Take Five with Ruth Thomas
Ruth Thomas is a printmaker who graduated in 1985 with a degree in Fine Art. Then she concentrated on painting, collage and drawing. Since the early 1990s Ruth has concentrated on etchings, screenprints and drypoints but the process which allows her to express herself best is collagraph, a print from a collage, particularly an intaglio print. (If you folow her on Facebook or Instagram, you will see fabulous time lapse videos of her at work.) She has had several solo shows, won awards and in 2019 was selected for the Royal Academy Exhibition. She is currently represented by London Contemporary Art.
As well as making, Ruth also gets huge satisfaction from sharing printmaking skills with others. She regularly leads workshops and undertakes artist residencies in schools, galleries and community centres. She finds that running workshops for others also gives her ideas for her work.
In your professional life, what is the single best thing about what you do?
I just love making, being creative, and it is even better if the end result is something that seems to work. Exhibiting, selling, workshops are all wonderful but to spend time in the studio, drawing, cutting, sticking, applying ink and so on, is bliss, even though it also has its frustrations. The process of exploring and discovering is the single best thing.

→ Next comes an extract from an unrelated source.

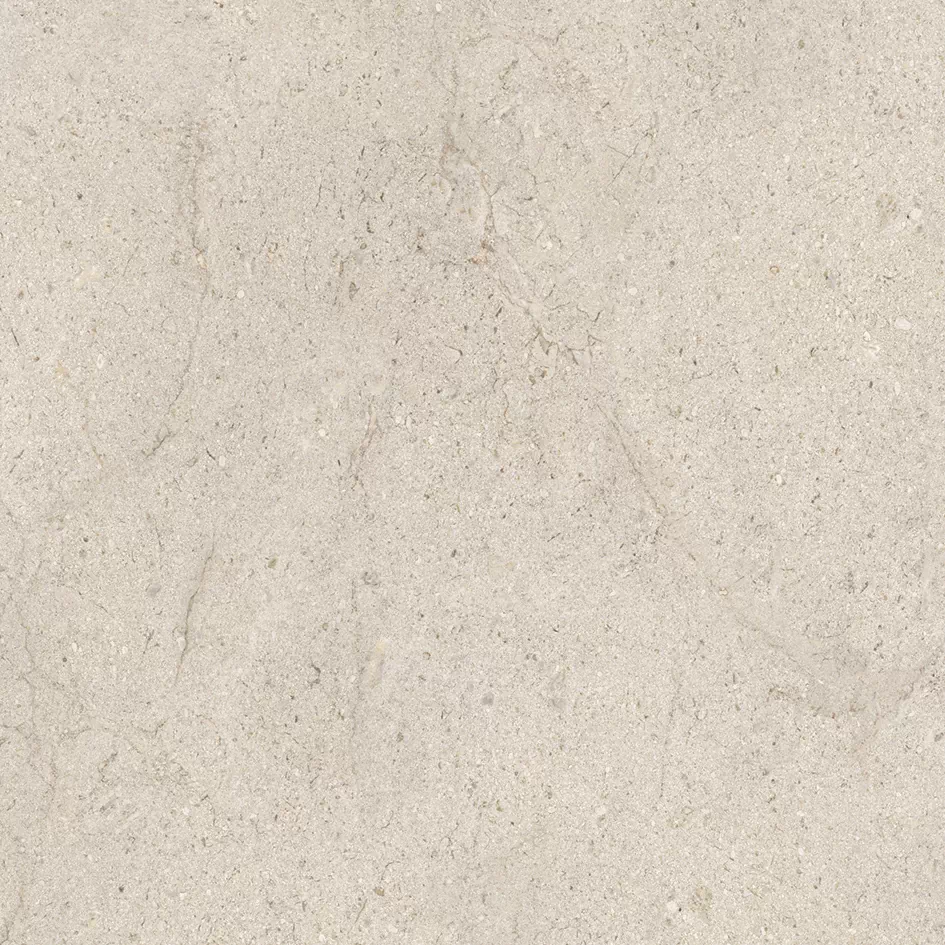 Керамогранит 100348054 Dorcia Bone L 80x80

Do you have a creative hero/heroine and if so, why?
Not really but I relate to the work of Andy Goldsworthy and Richard Long for the way they work directly with natural materials and in the landscape. I very much admire the work of Rachael Whiteread for the way she explores negative spaces in her work and makes casts of unusual objects. So much of printmaking is about taking an impression from an object, particularly so in my case.
What piece of advice do you wish you had been given at the beginning of your career?
That suggests that I am wiser now and I still feel I have a lot to learn!
If you hit a creative block, what is your top tip for getting through it?
I haven’t really been troubled by creative block, but I do know that it’s no good waiting for inspiration – the best thing is to start making and ideas will then flow. Being creative is so much easier if you can keep the momentum going.
And finally, for fun, if you were a shoe, what type of shoe would you be and why?
We live in rural North Wales and I gather a lot of the materials I use in my work from stepping out the door and going for a walk. So, I would be a walking boot, something practical and good for exploring the outdoors and getting muddy!